## EXERCISE REQUIREMENTS:
Exact reproduction is required for the lines below starting at the line with "Noob New 4130" and ending at the line with "Stretchy Cat Collar with AirTag Holder", both included. No other lines, and no pictures.

Top of LISTED ENTRIES

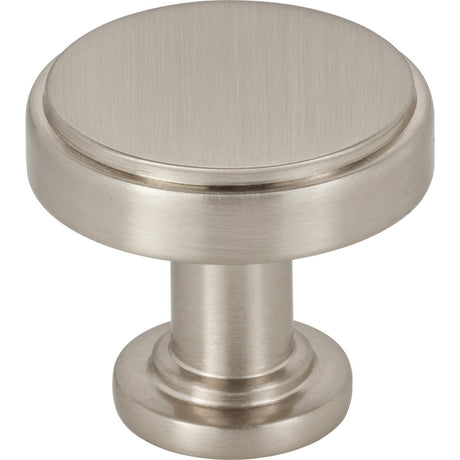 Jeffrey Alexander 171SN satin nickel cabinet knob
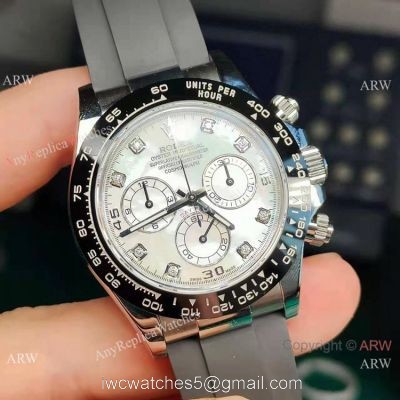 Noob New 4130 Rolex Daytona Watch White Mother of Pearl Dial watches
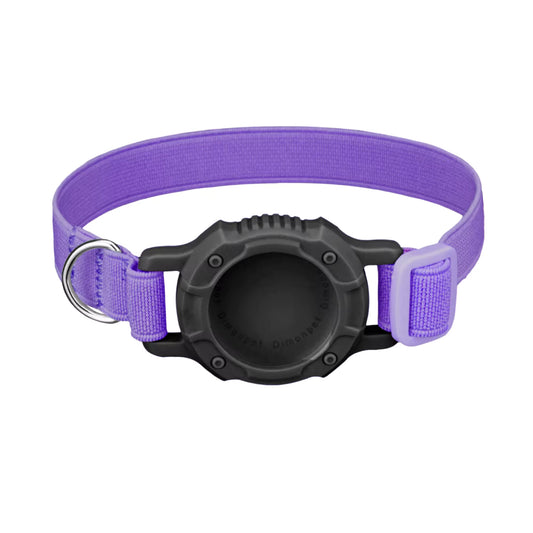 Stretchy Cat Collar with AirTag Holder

Bottom of LISTED ENTRIES
Top of LISTED ENTRIES

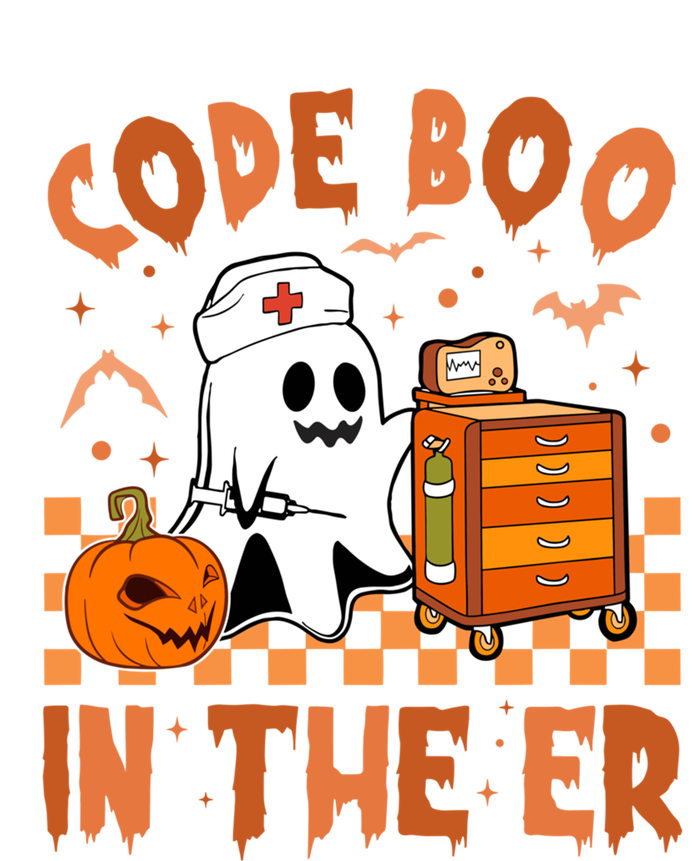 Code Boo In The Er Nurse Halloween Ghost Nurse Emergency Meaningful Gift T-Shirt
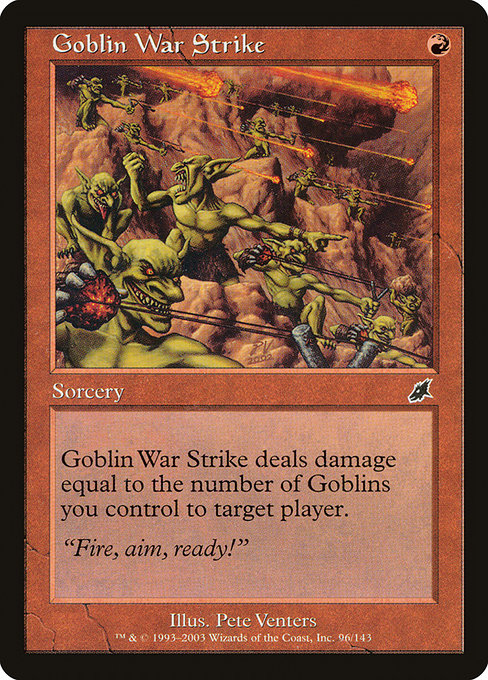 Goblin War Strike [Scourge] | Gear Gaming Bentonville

Bottom of LISTED ENTRIES

## ANSWER TO THIS EXERCISE:
 Noob New 4130 Rolex Daytona Watch White Mother of Pearl Dial watches
 Stretchy Cat Collar with AirTag Holder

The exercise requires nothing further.